S’il est difficile d’estimer l’impact de cette réforme quant à l’accroissement probable du travail dissimulé chez les 25 000 patentés du territoire, on sait qu’en métropole le Gouvernement national a choisi de faire l’exact opposé du gouvernement indépendantiste. Confronté lui aussi à l’inflation et à des cessations d’activité dans le secteur privé, le Gouvernement Borne a fait voter le 16 aout 2022 la loi sur la protection du pouvoir d’achat, laquelle prévoit justement une baisse des cotisations sociales pour l’ensemble des travailleurs indépendants (qui représentent 11% de la population française) et dont l’activité se heurte aux phénomènes d’inflation.

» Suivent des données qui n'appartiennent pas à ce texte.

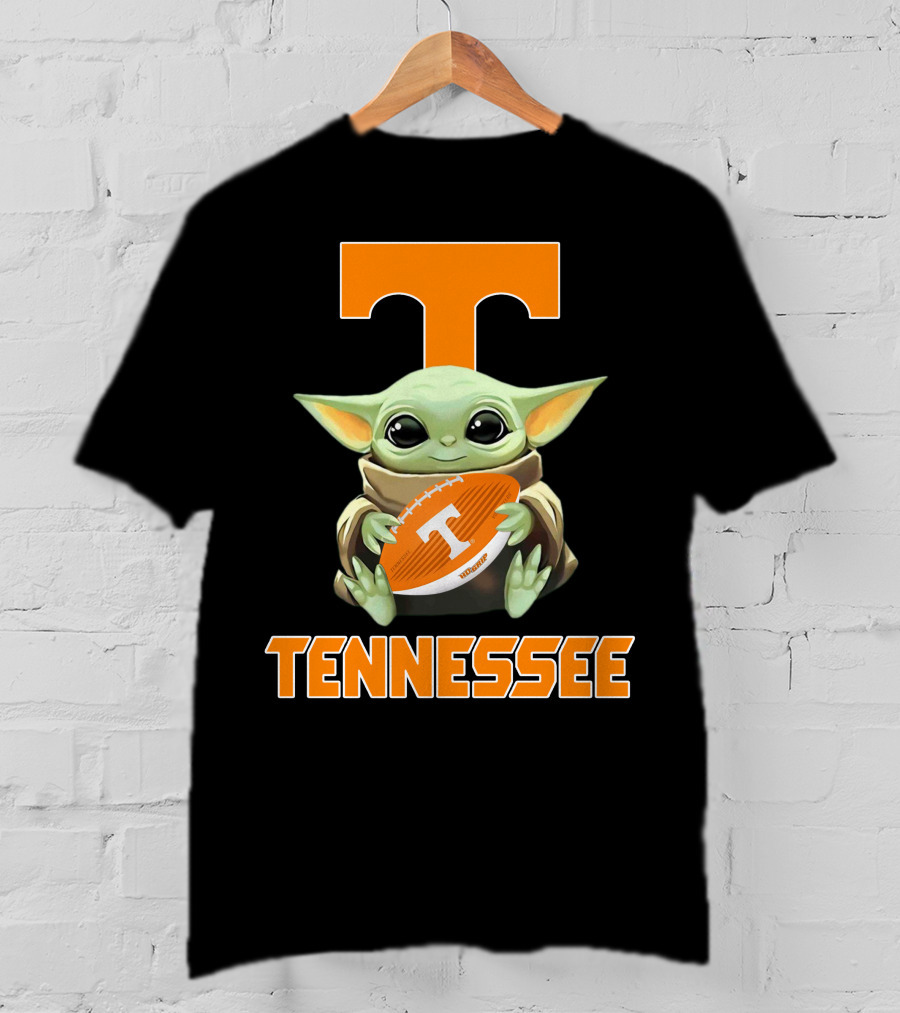 Tennessee Volunteers T Baby Yoda Football T-Shirt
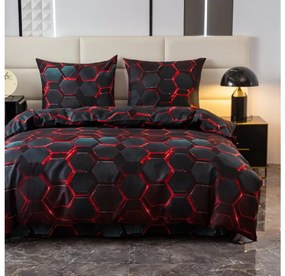 Obliečky z mikrovlákna GEOMA čierne Rozmer obliečky: 2 ks 70 x 80 cm | 160 x 200 cm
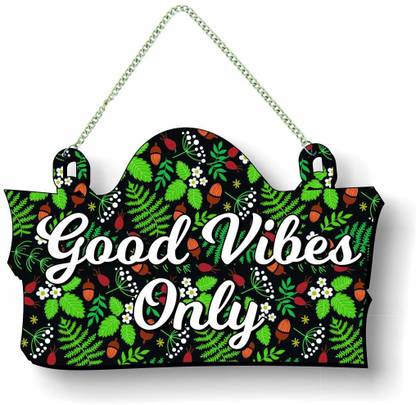 Printjas Welcome Sign Board for Home Good Vibes Only Printed Wall Hanging 30x20 cm - Sign Board for Living Room/Home/Office/Garden, Designer Gift for Family, Friends, Housewarming Gift Idea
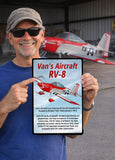 Van's Aircraft RV-8 (Red/Silver) HD Airplane Hangar Sign Pilot Gift – Aviation Wall Decor
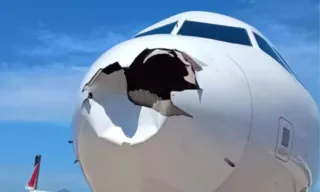 Imagem ilustrativa da imagem Avião bate em ave, quebra o bico e volta para o Galeão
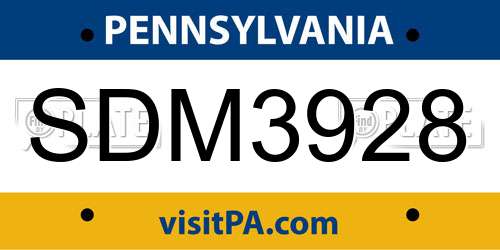 SDM3928 Pennsylvania License Plate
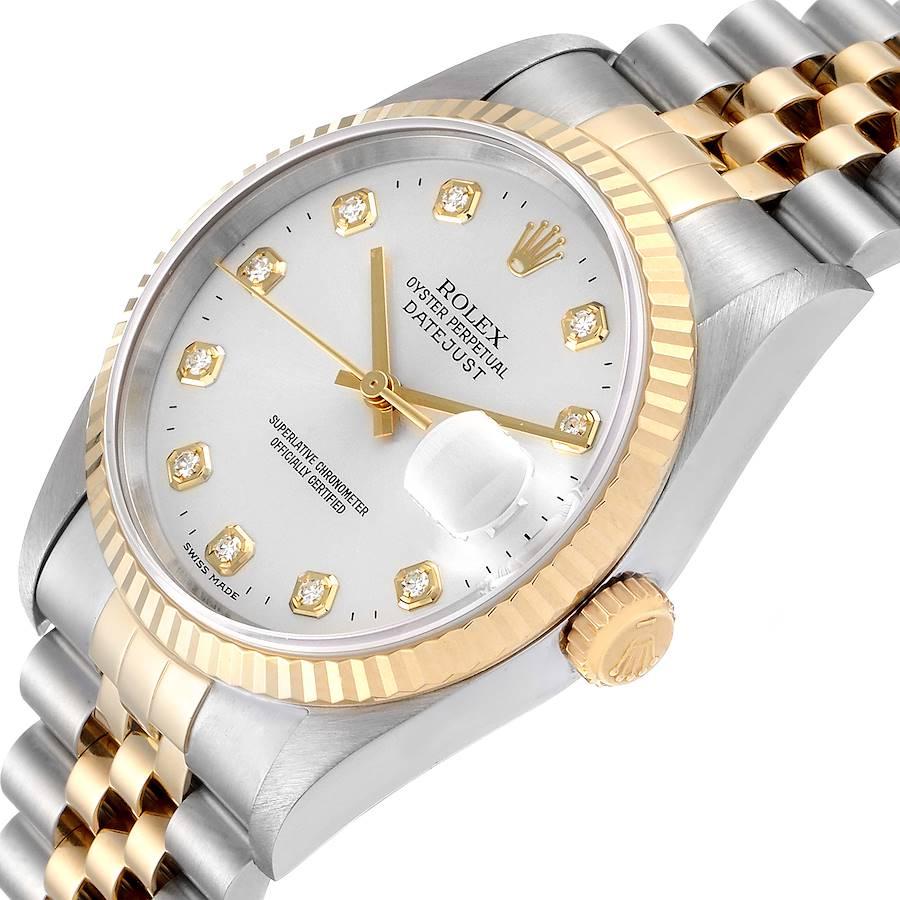 Rolex Datejust Steel Yellow Gold Silver Diamond Dial Mens Watch 16233 For Sale 1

2/ Une réforme qui taxe encore les travailleurs

Tukumuli, c’est un peu l’homme qui prend aux travailleurs pour donner aux rentiers. En effet, si la réforme impacte majoritairement les entreprises et les patentés, elle permettra aux fonctionnaires de payer un peu moins de cotisations (400 millions en moins à l’horizon 2025, soit une baisse de 8%). En sus, elle permettra aux travailleurs indépendants d’obtenir les mêmes droits que les salariés, exception faite des droits à la retraite puisque ces derniers devront à la fois gérer l’augmentation de 60% de leurs cotisations sociales et continuer à constituer parallèlement leur propre retraite (NDLR : En effet, les travailleurs indépendants cotisent plus qu’ils ne perçoivent, attendu qu’ils ne vivent aux dépends de personne d’autre que d’eux-mêmes ; ce qui les rend par corollaire très dangereux pour les intérêts de la corporation politico-administrative qui gère avec une impressionnante inefficacité les dépenses publiques de la Nouvelle-Calédonie, mais nous y reviendrons en fin d’article…)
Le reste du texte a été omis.